Kind of my "sleeper of the year." This business autobiography won't win any literary awards. But advise anyone with dreams of building a big company to read it. Matthias is an entrepreneur at heart, and she was looking to start some kind of business, around the time she had her first child. During that first pregnancy, she could not find business maternity clothes. So that's the concept she built her business around--first a mail order maternity wear business, and eventually retail. She had never started or run a business, much less a clothing retailer, but her husband had started and run a tech company. Mostly, though, she learned by doing.

(I found myself using her "yellow pages chain" technique last week. You need to find a business that does something. You look in the yellow pages under the category you think might work. You call a place, and if they don't have/do what you're looking for, you ask them for suggestions of other places. And you continue this till you get what you're looking for. Sounds very simple, but I rarely did it till I read this book.)

Matthias ended up having clothes made for her stores, and I found the info about the garment industry interesting. I liked learning how she advertised and marketed too. Eventually she (and her husband, who got into the business pretty quickly) ended up with retail stores, and entered the world of franchising. Finally, they took the company public. At the end of each chapter describing her experiences, Matthias has a list of tips and lessons learned. Her tips section on an IPO explained an IPO in a way I could understand!! For that alone the book was worth it.
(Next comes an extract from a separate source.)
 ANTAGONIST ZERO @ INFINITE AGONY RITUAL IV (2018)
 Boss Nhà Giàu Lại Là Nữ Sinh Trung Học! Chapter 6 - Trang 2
What I liked most about the book is how honestly it portrayed the hard work of starting your own business. I recommend it to anyone considering starting a business. Matthias and her husband didn't draw a salary for years. They had their warehouse and inventory damaged by fire. They raised three kids as they built their business. They had trouble getting financing. This book covers that and lots of other aspects of mail order/retail business.


Hirshenson, Janet and Jane Jenkins. A Star Is Found: Our Adventures Casting Some of Hollywood's Biggest Movies. Orlando: Harcourt, 2006.

This was just fun. It's not all that well-written: it tries to be a kind of exploration of the casting process--following the casting of one bit part in A Beautiful Mind--but mostly it's fun to read why certain people did or didn't get which parts. These women have cast a variety of movies over the years, working with a-list directors like Francis Ford Coppola (post-Godfather) and Ron Howard. Among other films, they cast The DaVinci Code, Mystic Pizza, The Outsiders, and the three lead kids in the Harry Potter franchise. It's fun to read about how they cast some actors in their first major roles (there's a cute story about Julia Roberts's audition for Mystic Pizza. I especially liked the descriptions of casting smaller parts and extras. The authors describe several tiers of actors, with examples, from extras and bit players on up through the mega-stars. There are different casting procedures and considerations for each. This is one of the things that made this a better book than another casting book I read this year, How They Cast It: An Insider's Look at Film and Television Casting (Rob Kendt; Los Angeles, CA: Lone Eagle, 2005). Kendt's book did have quite a bit on television casting, and a fun chapter on casting the kids in School of Rock. Both are quick reads.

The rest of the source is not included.